# lipo tray/clampfor pro 3



## hopper (Oct 12, 2006)

*lipo tray/clamp for pro 3*

Somewhere I saw a picture of a lipo mounting system for the HD pro 3. I can't remember which thread it was under. Anybody know where to look?


----------



## BigBoyT1 (Dec 31, 2006)

*copy and paste this addy*

http://www.hobbytalk.com/bbs1/showthread.php?t=197491

This should take you to it. It is in Brushless Oval Racing... page 2


----------



## garacer08 (Jun 8, 2007)

Randy at big boys toys makes them. I just got one from him for my Gen2 and love it. Randy has a great product. I looked at the craftsman ship of the batt tray when it came in and its a very very well built product. He takes the time to file down the ribs to allow the battery to set down in the tray better, and the hold down bars fit nice and snug. NO movement at all. I would recommend these to anybody. I will be getting another one for my next car.


----------



## RCMits (Jan 1, 1970)

I just got one for my gen1 ksg.. VERY well made...


----------



## TeamGoodwrench (Oct 14, 2002)

I got 2 of them for my Gen-2 cars -- excellent product and FAST shipping too.


----------



## RCMits (Jan 1, 1970)

here is a pic of my assembled ksg1 with BBT's lipo tray. its in a state of rebuild right now..
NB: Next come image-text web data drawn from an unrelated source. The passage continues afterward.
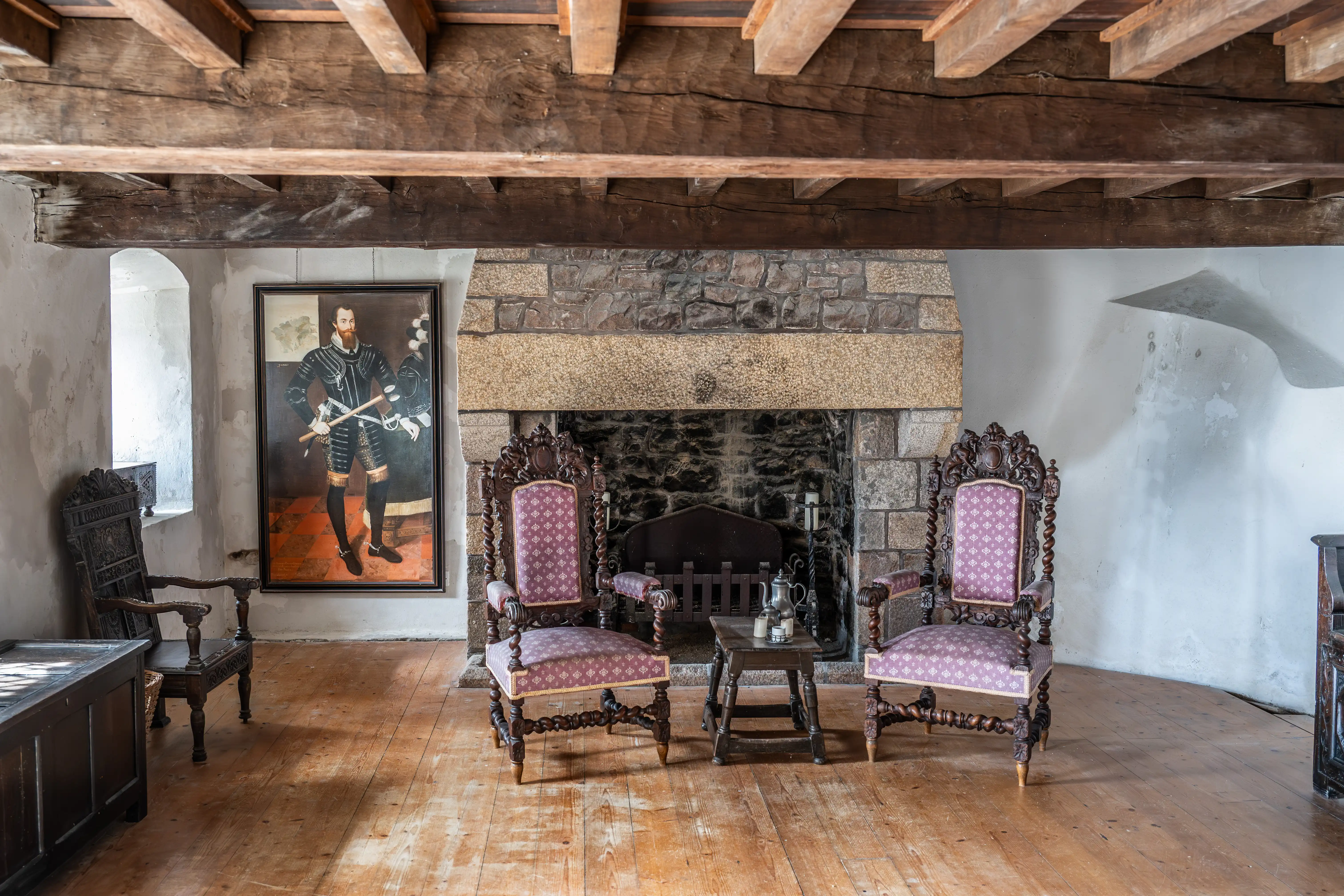 Interior view of a historic room with a stone fireplace, two purple upholstered armchairs, a portrait of a man, and wooden ceiling beams.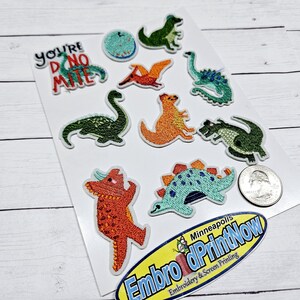 May include: A sheet of iron-on patches featuring various dinosaur designs, including a green dinosaur with the text "You're Dino-mite!" in orange and black. The patches are on a white background with a small business logo in the bottom right corner.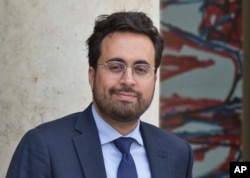 French Junior Minister for Digital Economy Mounir Mahjoubi leaves the Cabinet meeting at the Elysee Palace in Paris, Aug. 31, 2018.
his Hyperdrive stuff is just as clean and cut well... the fit is perfect. great stuff.


----------



## CLB (Apr 8, 2007)

How much weight do them brackets add compared to just battery tape to hold the battery in.


----------



## swtour (Oct 8, 2001)

These sure do keep the battery in place nicely....and Randy does really sweet work.
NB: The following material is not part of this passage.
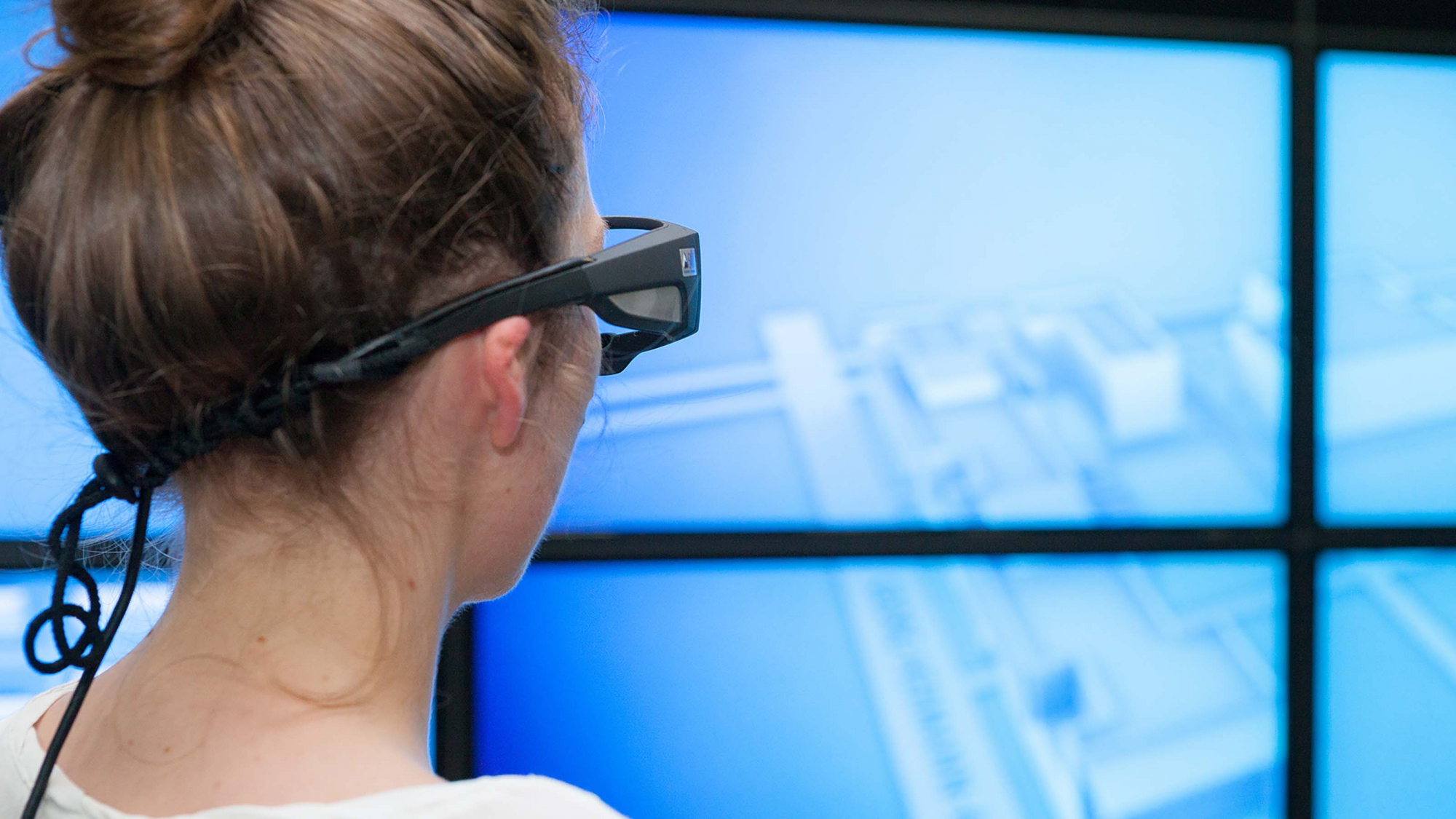 Eine Studentin schaut durch eine Brille auf blaue Bildschirme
I need to get one for each of the 3 cars I'm running LIPO in. (Gen1, Gen2 and a Pro3)


----------



## 67-4-fun (Feb 23, 2004)

sent an e-mail to Randy at Big Boy toys, havent yet responded, does he answer his e-mails very much or is he just a very busy person..

thanks
JP


----------



## RCMits (Jan 1, 1970)

he'll get to you... he's a busy guy... *[email protected]*


----------



## 67-4-fun (Feb 23, 2004)

thats cool, I just woundered about it, I understand


----------



## AJS (Mar 21, 2002)

I have also heard that he is not feeling well. I'm sure he will get ahold of you and he does great work and makes terrific products.


----------



## TeamGoodwrench (Oct 14, 2002)

Randy -- would it be possible for you to design something for the solid chassis out there that only have 4 or 5 cell slots in them ??


----------